Published on Reddit’s r/AmITheA****** forum, a woman under the anonymous username u/Basic_capybara_4280 shared her story to receive feedback from the “AITA” community.
The original poster (OP) began her story by explaining that she was baking her daughter’s 16th birthday cake when her daughter walked into the kitchen and urged her mother that she needed to talk to her.
OP wrote, “She said: Mom, I have to be honest with you [She spoken a little speech here about how much she loves me and how she cant keep this secret anymore] … So, I’m that I can finally tell you that, I like girls, I’m a lesbian.”
“I immediately responded with: I know. She was shocked, and shouted: You knew? How? I said: Honey, you have gay written all over your face.

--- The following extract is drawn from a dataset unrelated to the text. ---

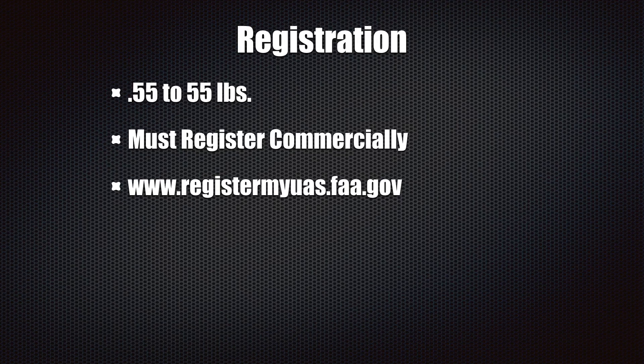The registration process for commercial operations is exactly like the public process, but you have to make sure that you register commercially. For anything between 0.55 and 55 pounds, go to registermyuas.faa.gov. Don't go to other websites — they're not accurate. It should cost you $5, and you must register commercially; if you do not register commercially, you cannot operate commercially.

Honestly, I wasn’t even expecting you to come out, just to come home one day to introduce your girlfriend to us,” she continued their conversation.

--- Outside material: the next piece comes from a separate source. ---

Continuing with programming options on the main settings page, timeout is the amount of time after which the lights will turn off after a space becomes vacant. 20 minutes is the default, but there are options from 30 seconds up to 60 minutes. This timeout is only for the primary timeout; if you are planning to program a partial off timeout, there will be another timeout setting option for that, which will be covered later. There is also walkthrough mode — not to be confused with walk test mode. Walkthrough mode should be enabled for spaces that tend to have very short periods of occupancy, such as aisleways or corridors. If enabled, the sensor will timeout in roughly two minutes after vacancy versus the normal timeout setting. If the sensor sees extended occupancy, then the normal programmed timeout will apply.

She told her daughter some “key moments” that gave away she was a lesbian and she asked if her father knows, to which OP said yes.
OP admitted that her daughter was hurt. She wished that her parents told her that they knew about her sexuality to prevent her from having anxiety attacks about coming out. OP explained to her that nothing has changed between them and that she loves her and will “welcome any partner of hers.”

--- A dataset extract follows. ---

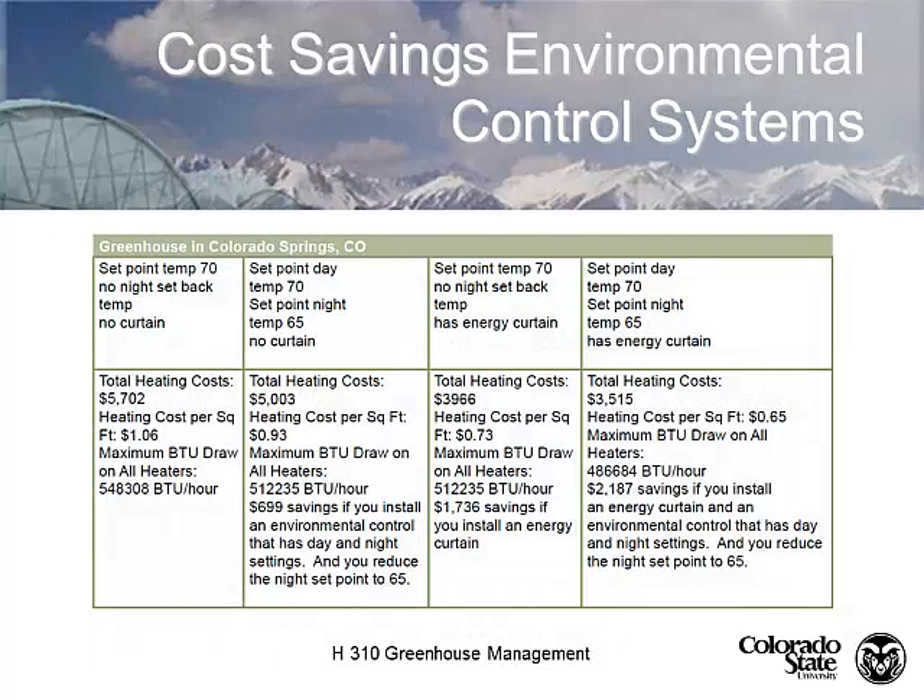For cost-saving examples — this is from your textbook, actually from Pikes Peak Greenhouses in Colorado Springs — you can see how the set points change with and without energy curtains and how that affects your heating cost.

Her daughter began to cry and went to her room, later in the day leaving to go out with her friends. When she arrived back home, she went straight upstairs without saying anything to her mom.
When she left for school the next morning, she still didn’t talk to OP. She is worried that she sounded “cold” or was “too distant.”
In a recent edit to the post, she sat down to have a conversation with her daughter. She apologized for how she reacted and that she still loves her.
“We had a long talk, she opened up about her fears. She was trying to be not be so obviously queer because some kids at her school are awful against queer kids, knowing that she is very obviously gay spiked her fears. I apologized again, and I will talk to the school administrators as soon as I can, I need to protect my daughter,” she explained.
When hearing about her anxiety issues, OP decided it was best for her to see a psychologist, and her daughter agreed.
Newsweek reached out to u/Basic_capybara_4280 for comment.
Fear of coming out to family members, what to say to your child if they come out
Ellen Kahn, the Senior Director of Programs and Partnerships of the Human Rights Campaign, told Newsweek about the fears one may have when coming out to their family.
“There is a rational fear of rejection, [judgment], shaming, and other very negative reactions—this happens often and is the primary reason many young people do not come out to their family members—or may come out to only one or two carefully chosen family members who they feel are most likely to be supportive,” Kahn explained.
People fear that their parents will no longer love them, treat them differently or feel alienated emotionally or physically, she added.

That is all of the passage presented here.